Reproduce all of the data exactly, with no line skipped.

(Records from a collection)
%%

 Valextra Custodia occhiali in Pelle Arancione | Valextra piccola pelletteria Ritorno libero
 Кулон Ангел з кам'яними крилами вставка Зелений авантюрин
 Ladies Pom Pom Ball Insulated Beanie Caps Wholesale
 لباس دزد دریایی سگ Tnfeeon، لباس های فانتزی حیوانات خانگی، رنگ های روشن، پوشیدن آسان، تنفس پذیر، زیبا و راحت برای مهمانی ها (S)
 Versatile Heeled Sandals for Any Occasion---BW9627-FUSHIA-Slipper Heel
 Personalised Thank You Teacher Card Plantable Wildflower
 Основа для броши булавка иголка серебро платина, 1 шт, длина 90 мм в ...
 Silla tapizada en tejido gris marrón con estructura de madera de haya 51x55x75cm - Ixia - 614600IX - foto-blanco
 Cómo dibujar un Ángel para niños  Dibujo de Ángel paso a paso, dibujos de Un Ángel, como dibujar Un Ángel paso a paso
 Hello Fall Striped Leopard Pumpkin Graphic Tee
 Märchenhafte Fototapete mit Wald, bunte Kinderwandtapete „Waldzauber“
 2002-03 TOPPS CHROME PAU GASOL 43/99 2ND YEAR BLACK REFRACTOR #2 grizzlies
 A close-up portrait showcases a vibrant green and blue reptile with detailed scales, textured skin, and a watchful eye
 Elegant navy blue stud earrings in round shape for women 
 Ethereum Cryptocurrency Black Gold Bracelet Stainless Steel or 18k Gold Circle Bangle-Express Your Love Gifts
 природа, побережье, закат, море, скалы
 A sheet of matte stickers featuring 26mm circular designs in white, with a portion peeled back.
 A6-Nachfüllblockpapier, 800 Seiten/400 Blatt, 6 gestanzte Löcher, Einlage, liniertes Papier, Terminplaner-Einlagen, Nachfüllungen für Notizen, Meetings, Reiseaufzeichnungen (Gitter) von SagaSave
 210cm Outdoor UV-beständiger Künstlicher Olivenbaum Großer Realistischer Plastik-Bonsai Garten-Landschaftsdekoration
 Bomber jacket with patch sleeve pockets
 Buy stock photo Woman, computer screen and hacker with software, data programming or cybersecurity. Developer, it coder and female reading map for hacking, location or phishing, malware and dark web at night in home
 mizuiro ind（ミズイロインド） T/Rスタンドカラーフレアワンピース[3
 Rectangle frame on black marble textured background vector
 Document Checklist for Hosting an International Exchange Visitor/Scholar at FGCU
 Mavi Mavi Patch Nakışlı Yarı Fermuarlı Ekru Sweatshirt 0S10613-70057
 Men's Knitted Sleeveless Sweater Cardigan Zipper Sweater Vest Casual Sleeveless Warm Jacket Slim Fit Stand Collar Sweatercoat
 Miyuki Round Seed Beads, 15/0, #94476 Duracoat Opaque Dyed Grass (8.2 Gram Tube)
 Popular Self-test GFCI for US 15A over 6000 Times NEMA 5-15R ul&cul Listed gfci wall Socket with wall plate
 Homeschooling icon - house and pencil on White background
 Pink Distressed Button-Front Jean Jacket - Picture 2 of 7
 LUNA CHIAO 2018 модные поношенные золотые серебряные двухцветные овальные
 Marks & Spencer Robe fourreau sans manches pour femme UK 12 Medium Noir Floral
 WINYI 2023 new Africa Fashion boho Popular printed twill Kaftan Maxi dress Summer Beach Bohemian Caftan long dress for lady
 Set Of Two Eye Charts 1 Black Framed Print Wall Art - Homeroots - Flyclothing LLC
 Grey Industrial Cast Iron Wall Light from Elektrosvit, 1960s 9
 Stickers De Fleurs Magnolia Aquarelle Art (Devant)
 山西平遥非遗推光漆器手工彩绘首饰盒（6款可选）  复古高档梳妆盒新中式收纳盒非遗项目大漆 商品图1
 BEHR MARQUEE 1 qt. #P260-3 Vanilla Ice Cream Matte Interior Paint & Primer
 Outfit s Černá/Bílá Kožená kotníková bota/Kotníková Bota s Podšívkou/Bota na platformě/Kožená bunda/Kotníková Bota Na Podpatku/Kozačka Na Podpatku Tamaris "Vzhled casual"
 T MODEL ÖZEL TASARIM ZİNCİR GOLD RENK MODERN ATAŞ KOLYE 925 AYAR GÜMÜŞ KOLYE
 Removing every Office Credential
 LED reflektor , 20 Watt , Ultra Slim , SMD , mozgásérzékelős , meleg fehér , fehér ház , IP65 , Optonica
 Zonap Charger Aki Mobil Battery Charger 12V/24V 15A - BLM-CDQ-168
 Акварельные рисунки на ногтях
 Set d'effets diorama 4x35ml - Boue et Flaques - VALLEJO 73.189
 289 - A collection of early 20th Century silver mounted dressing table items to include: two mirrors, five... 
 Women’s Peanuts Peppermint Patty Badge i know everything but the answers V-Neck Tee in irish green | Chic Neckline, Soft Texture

%%

-- Result below --
 Valextra Custodia occhiali in Pelle Arancione | Valextra piccola pelletteria Ritorno libero
 Кулон Ангел з кам'яними крилами вставка Зелений авантюрин
 Ladies Pom Pom Ball Insulated Beanie Caps Wholesale
 لباس دزد دریایی سگ Tnfeeon، لباس های فانتزی حیوانات خانگی، رنگ های روشن، پوشیدن آسان، تنفس پذیر، زیبا و راحت برای مهمانی ها (S)
 Versatile Heeled Sandals for Any Occasion---BW9627-FUSHIA-Slipper Heel
 Personalised Thank You Teacher Card Plantable Wildflower
 Основа для броши булавка иголка серебро платина, 1 шт, длина 90 мм в ...
 Silla tapizada en tejido gris marrón con estructura de madera de haya 51x55x75cm - Ixia - 614600IX - foto-blanco
 Cómo dibujar un Ángel para niños  Dibujo de Ángel paso a paso, dibujos de Un Ángel, como dibujar Un Ángel paso a paso
 Hello Fall Striped Leopard Pumpkin Graphic Tee
 Märchenhafte Fototapete mit Wald, bunte Kinderwandtapete „Waldzauber“
 2002-03 TOPPS CHROME PAU GASOL 43/99 2ND YEAR BLACK REFRACTOR #2 grizzlies
 A close-up portrait showcases a vibrant green and blue reptile with detailed scales, textured skin, and a watchful eye
 Elegant navy blue stud earrings in round shape for women 
 Ethereum Cryptocurrency Black Gold Bracelet Stainless Steel or 18k Gold Circle Bangle-Express Your Love Gifts
 природа, побережье, закат, море, скалы
 A sheet of matte stickers featuring 26mm circular designs in white, with a portion peeled back.
 A6-Nachfüllblockpapier, 800 Seiten/400 Blatt, 6 gestanzte Löcher, Einlage, liniertes Papier, Terminplaner-Einlagen, Nachfüllungen für Notizen, Meetings, Reiseaufzeichnungen (Gitter) von SagaSave
 210cm Outdoor UV-beständiger Künstlicher Olivenbaum Großer Realistischer Plastik-Bonsai Garten-Landschaftsdekoration
 Bomber jacket with patch sleeve pockets
 Buy stock photo Woman, computer screen and hacker with software, data programming or cybersecurity. Developer, it coder and female reading map for hacking, location or phishing, malware and dark web at night in home
 mizuiro ind（ミズイロインド） T/Rスタンドカラーフレアワンピース[3
 Rectangle frame on black marble textured background vector
 Document Checklist for Hosting an International Exchange Visitor/Scholar at FGCU
 Mavi Mavi Patch Nakışlı Yarı Fermuarlı Ekru Sweatshirt 0S10613-70057
 Men's Knitted Sleeveless Sweater Cardigan Zipper Sweater Vest Casual Sleeveless Warm Jacket Slim Fit Stand Collar Sweatercoat
 Miyuki Round Seed Beads, 15/0, #94476 Duracoat Opaque Dyed Grass (8.2 Gram Tube)
 Popular Self-test GFCI for US 15A over 6000 Times NEMA 5-15R ul&cul Listed gfci wall Socket with wall plate
 Homeschooling icon - house and pencil on White background
 Pink Distressed Button-Front Jean Jacket - Picture 2 of 7
 LUNA CHIAO 2018 модные поношенные золотые серебряные двухцветные овальные
 Marks & Spencer Robe fourreau sans manches pour femme UK 12 Medium Noir Floral
 WINYI 2023 new Africa Fashion boho Popular printed twill Kaftan Maxi dress Summer Beach Bohemian Caftan long dress for lady
 Set Of Two Eye Charts 1 Black Framed Print Wall Art - Homeroots - Flyclothing LLC
 Grey Industrial Cast Iron Wall Light from Elektrosvit, 1960s 9
 Stickers De Fleurs Magnolia Aquarelle Art (Devant)
 山西平遥非遗推光漆器手工彩绘首饰盒（6款可选）  复古高档梳妆盒新中式收纳盒非遗项目大漆 商品图1
 BEHR MARQUEE 1 qt. #P260-3 Vanilla Ice Cream Matte Interior Paint & Primer
 Outfit s Černá/Bílá Kožená kotníková bota/Kotníková Bota s Podšívkou/Bota na platformě/Kožená bunda/Kotníková Bota Na Podpatku/Kozačka Na Podpatku Tamaris "Vzhled casual"
 T MODEL ÖZEL TASARIM ZİNCİR GOLD RENK MODERN ATAŞ KOLYE 925 AYAR GÜMÜŞ KOLYE
 Removing every Office Credential
 LED reflektor , 20 Watt , Ultra Slim , SMD , mozgásérzékelős , meleg fehér , fehér ház , IP65 , Optonica
 Zonap Charger Aki Mobil Battery Charger 12V/24V 15A - BLM-CDQ-168
 Акварельные рисунки на ногтях
 Set d'effets diorama 4x35ml - Boue et Flaques - VALLEJO 73.189
 289 - A collection of early 20th Century silver mounted dressing table items to include: two mirrors, five... 
 Women’s Peanuts Peppermint Patty Badge i know everything but the answers V-Neck Tee in irish green | Chic Neckline, Soft Texture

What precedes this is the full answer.